AS PART OF CREATIVE ARTS, I took the students to Art and Press at Martin Gropius Bau, an exhibition about several artists’ relationship to the media. The class is focused on new media and impermanent art works like performance, internet art, and digital-based works, so I thought it could be nice to see how artists were doing the opposite: taking throwaway newspapers and making them into permanent objects.
After observing a group of über-bored Germans on the free exhibition tour, I wanted to provide a guideline while the students discovered the works on their own. For their final project, they are making an audio guide to the Berlin Biennale, one of the city’s largest exhibitions. To help them on their way, I custom-made an audio guide podcast complete with some of the stories and anecdotes I knew about the artists and their works.
Saskia–our guest last week and a local curator–and I sat down and wrote a script. I thought it might be useful to hear some professionals as inspiration for their own guide, so I turned to two actors to record the audio guides: Patrick Heusinger and Anna Rose Hopkins. Patrick has been on shows like Gossip Girl, 30 Rock, Royal Pains, The Good Wife, and will star in his very own show on NBC this fall. Anna has been in Law and Order, CSI, Veronica Mars, and more theatre than you could pack into a NY weekend. In short, they were brilliant, and we were lucky to have such access to their talent.
(Best viewed on a Smartphone)
One of my favorite moments was watching tall Willem bound across the museum (much to the guards’ dismay but too fast to scold) to whisper:
Wait, they’re talking to us? They did this for us?
It was such a joy to watch them shuffle through the space, their voices silent but facial expressions loud. Megan walked in, took a deep breath, and tilted her head up towards the ceiling. Isaac took his time to find each work, exploring all the pieces. I walked over to a group of perplexed-looking guys and asked them what was up. “I don’t get it” they said guiltily. “Me neither,” I replied, “It’s ok to hate some of the art.”

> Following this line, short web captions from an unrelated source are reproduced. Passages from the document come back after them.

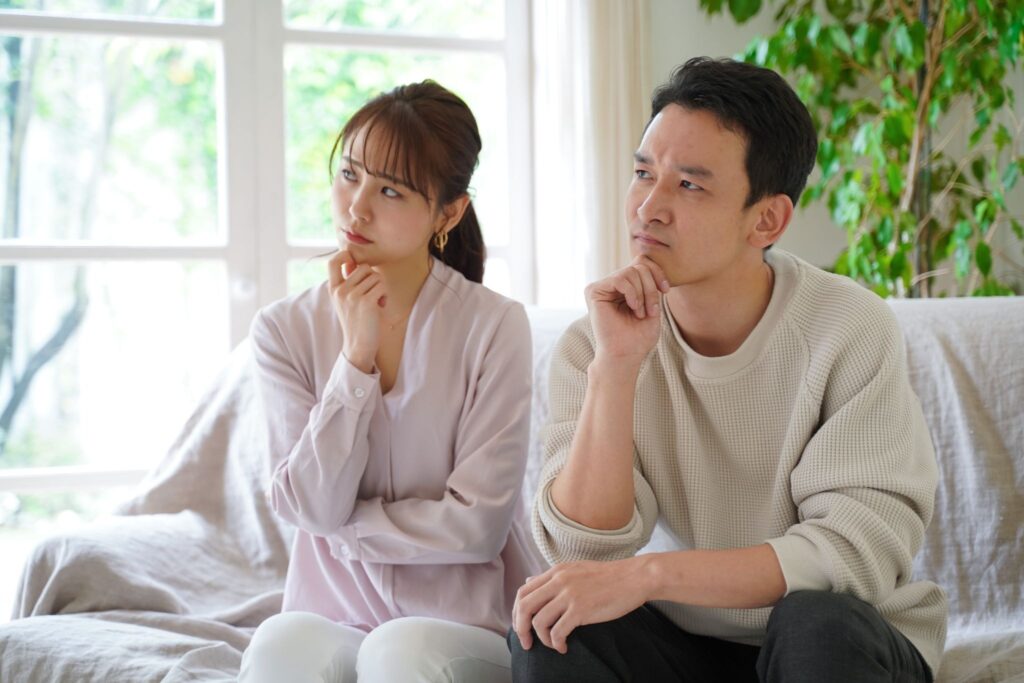 無痛分娩は保険適用されるのか考えている夫婦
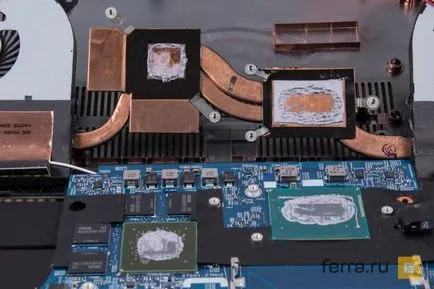 Mi a teendő, ha a laptop nagyon zajos (do) Mi a teendő, ha a laptop nagyon zajos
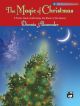 The Magic Of Christmas: Book 1 Piano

It’s true. Sometimes there is great art, and sometimes there is bad art. As the troops congregated at the exit and shared their experiences—the works they loved and loved to hate—I got more and more excited about hearing what they’ll have to say in their own podcasts.
Speaking with Jawed after class, I asked him what stuck out the most. He told me:
I didn’t like the idea that he had put holy names on the ground because that could be a huge disrespect to the people who believe in a certain religion.
Suddenly, I was reminded of how happy I am to be with TGS. Many people who work in art forget about the people who have to walk on it. I’m looking forward to reminding them.